A Caixa Econômica Federal inicia nesta quarta-feira (18) os pagamentos da parcela de março do Bolsa Família, começando pelos beneficiários com Número de Inscrição Social (NIS) final 1. Ao longo do mês, cerca de 18,7 milhões de famílias devem receber o benefício, conforme o calendário divulgado para os depósitos.

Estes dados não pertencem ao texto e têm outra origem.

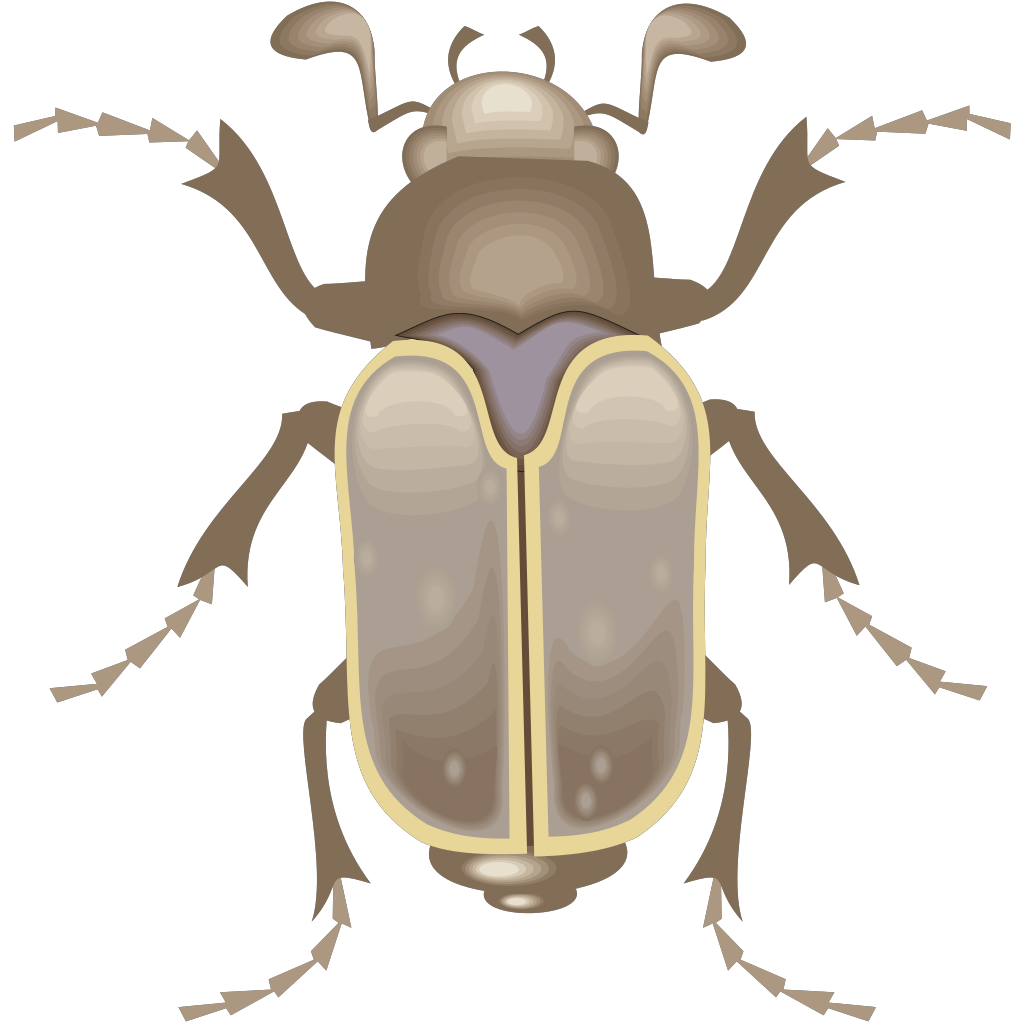 Beetle Art PNG, SVG Clip art for Web - Download Clip Art, PNG Icon Arts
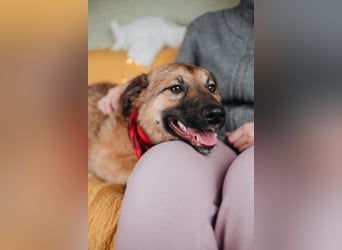 Hundemädchen Chloe sucht Familie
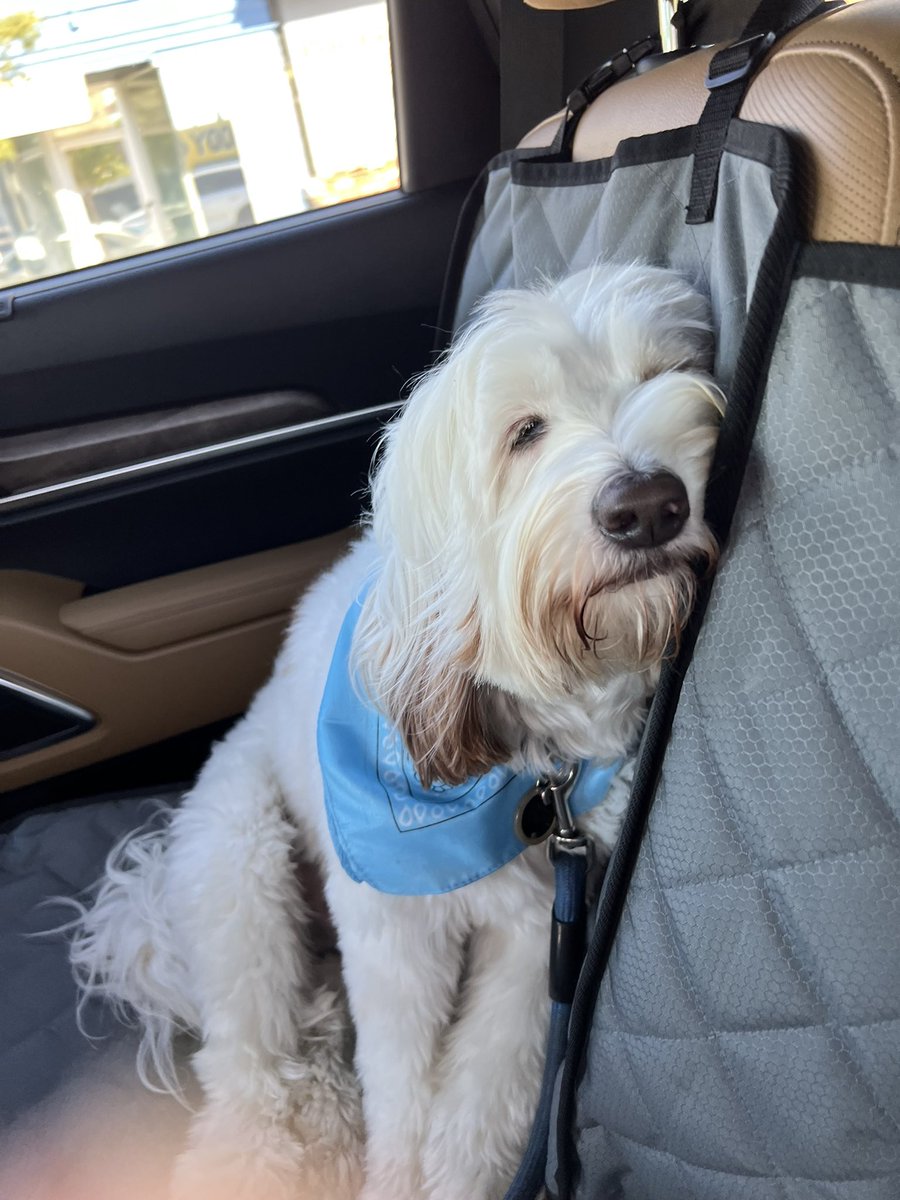 Here I am falling asleep sitting up. I do this all the time on car rides. Does anyone else’s dog or cat fall asleep in weird positions? Pics if you have them! #sleepypuppy🐶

Segundo a Caixa Econômica Federal, beneficiários de nove estados receberão o crédito nesta quinta-feira, independentemente do número final do NIS. O pagamento unificado atende localidades em situação de emergência ou em estado de calamidade pública nos estados de Amazonas, Bahia, Minas Gerais, Piauí, Paraná, Rio de Janeiro, Rio Grande do Norte, Roraima e Sergipe.
De acordo com o governo federal, o valor mínimo do benefício é de R$ 600. Além disso, são pagos adicionais: o Benefício Variável Familiar Nutriz repassa seis parcelas de R$ 50 a mães de bebês de até seis meses; há acréscimo de R$ 50 para famílias com gestantes e filhos de 7 a 18 anos; e de R$ 150 para famílias com crianças de até 6 anos.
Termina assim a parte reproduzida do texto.